Order of Assessing Officer (AO)

  • The AO held that these employees worked for head office as well as for its branch offices in India.
  • There was no exclusivity of work and it could not be accepted that the services given by these employees were wholly and exclusively for the purpose of the branch office in India only.
  • Under the circumstances he held that the part of the work which was done for the purpose of the permanent establishment’s business was remunerated by the permanent establishment and head office paid for the work pertaining to the head office or other branches.
  • He placed reliance on the judgment of the Calcutta High Court in case of ABN Amro Bank NV versus Commissioner of income tax wherein the court held that for taxation purposes head office and PE are to be treated as separate entities.
  • He further held that it was the duty of the assessee to substantiate any claim made by it by proper evidence for it is to be allowed as a deduction under the Act.
  • He held that looking to the composite nature of employment there was no demarcation to show that the expenses incurred by the head office were incurred wholly and exposure for the purposes of the business of the permanent establishment.
  • Therefore, he held that the salary paid to expatriate employees by the head offices should not allowed as a deduction u/s 37 for computing income of PE as the same was not incurred wholly and exclusively for the purposes of the business of the permanent establishment.
  • He further held that in respect of expenses incurred by the head office deduction of 5% of the adjusted total income of its permanent establishment in India is allowed to the assessee as per the provisions of Section 44C as other income is at a be taxed at gross basis as per the provisions of the India Japan DTAA.

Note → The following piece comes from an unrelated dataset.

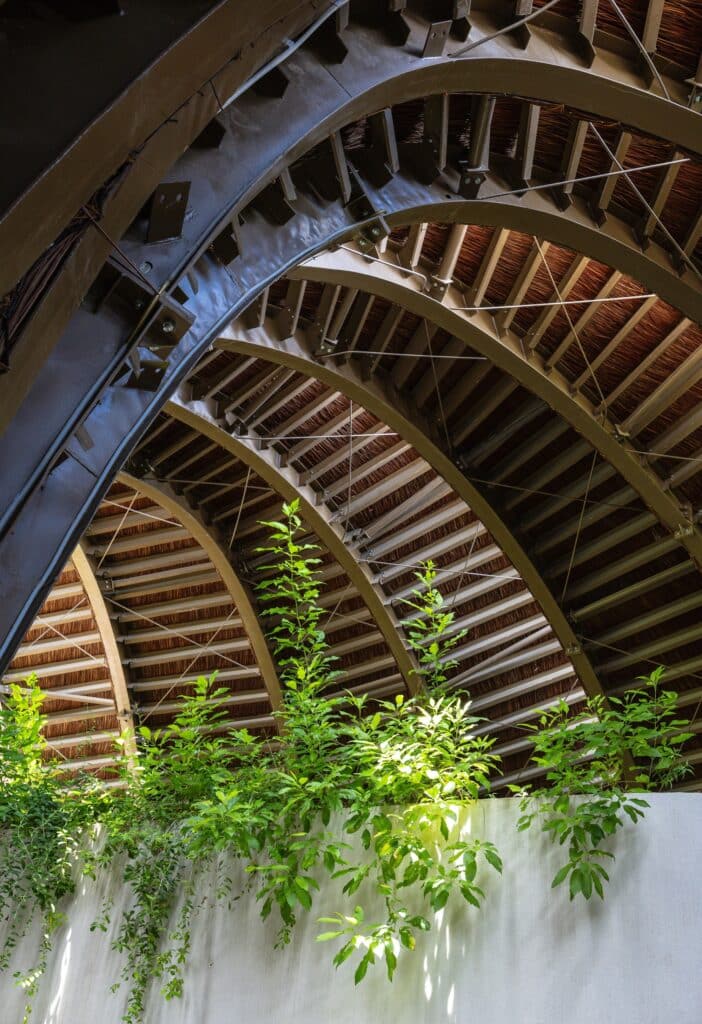 Close-up of climbing plants growing over the white interior walls beneath the arched structural roof of Goot Garden House.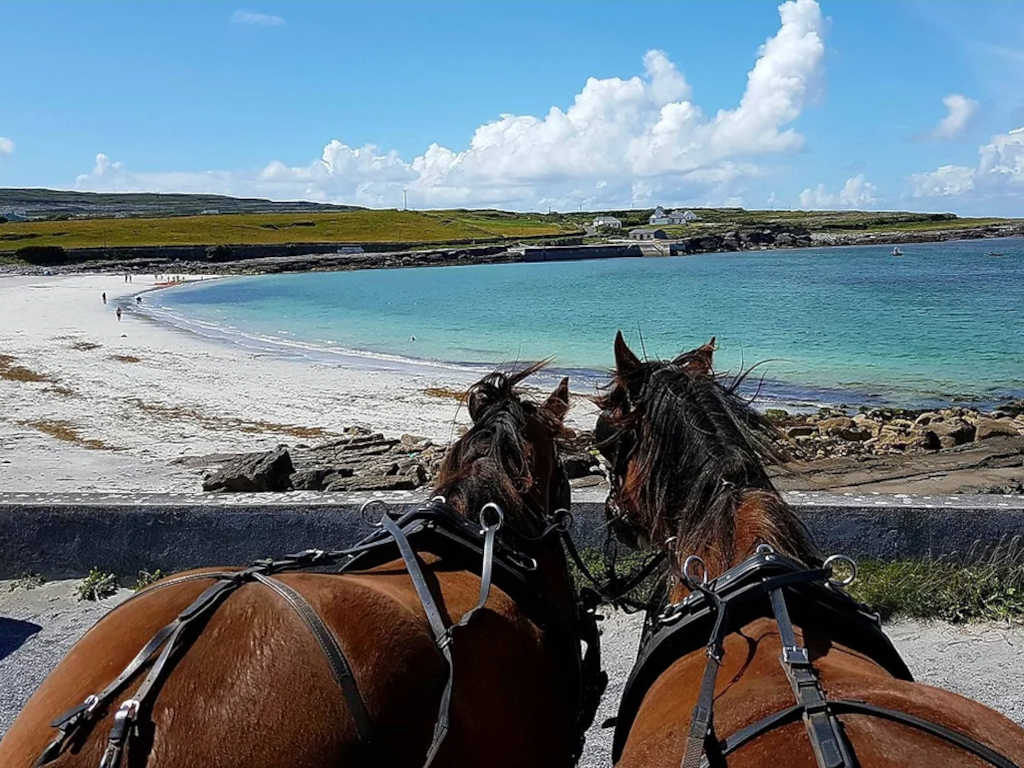 Aran Pony Trap Tours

Submission by the assessee before the Tribunal

  • The assessee submitted that expatriate employees deputed by the HO were working exclusively for the Indian branches.
  • Therefore, the salary paid to expatriates was incurred wholly and exclusively for the purpose of carrying on the business of branches in India.
  • Thus, the salary paid to expatriates was deductible as an expense under section 37(1) of the Act and not covered within the scope of “head office expenditure” under section 44C of the Act.

Reference to an older case by assessee

It was submitted that this issue was covered by the order of the High Court in A.Y. 2007-08 and 2008-09 wherein the High Court dismissed the appeal of the Department.

The HC had held that:

  • The question urged concerned the payment of salaries to the expatriates.
  • In deciding this issue in favour of the Assessee, the ITAT in the impugned order referred to and relied upon the decision of its coordinate bench at Kolkata in ABN Amro Bank vs. JCIT (2005).
  • Further the ITAT followed the decision of the Bombay High Court in CIT vs. Emirates Commercial Bank Ltd. (2003), where the Bombay High Court approved the view taken by the ITAT.
  • The ITAT agreed that the expenses have been incurred wholly and exclusively by the Indian branch and therefore no part of these expenses could be allocated to any other branch of the HO and that there was no dispute with regard to the non-applicability of section 44C.
  • HC perused the order of the Bombay High Court in Emirates Commercial (supra) where on identical facts, the issue was decided in favour of the Assessee.
  • This order of the Bombay High Court was affirmed by the Supreme Court by order in Commissioner of Income Tax v. M/s. Emirates Commercial Bank Ltd. which in turn referred to an order of the same date in Commissioner of Income Tax v. Deutsche Bank AG (CA No. 1544 of 2006)
  • In that view of the matter, HC declined to frame a question on this issue.

Thus, it was submitted that above Judgment of the High Court was also followed by the Tribunal in A.Y. 2010-11, High Court in A.Y. 2010-11, Tribunal in A.Y. 2003-04, 2004-05 and by Tribunal in A.Y. 2013-14. Therefore, it was submitted that the issue was squarely covered in favour of the assessee

Submission by Respondent

The departmental representative supported the order of the AO and submitted that as AO had filed Special Leave Petition before the honourable Supreme Court to keep the issue alive the above disallowance has been made.

Order of Income Tax Appellate Tribunal (ITAT)

On careful consideration of the rival arguments ITAT found that in absence of any change drawn to their notice in the facts and circumstances of the case, respectfully following the decision of the honourable High Court and subsequently followed by the coordinate benches for assessment year 2013 – 14, ITAT directed the AO to delete the disallowance of salary paid overseas to the expatriates of the appellant working in India by the head office and the Indian taxes paid thereon by that office.

Accordingly, the appeal was allowed.

In simple words, salary paid overseas to the expatriates of the foreign entity working in India by the head office is an allowable business expenditure under Income Tax.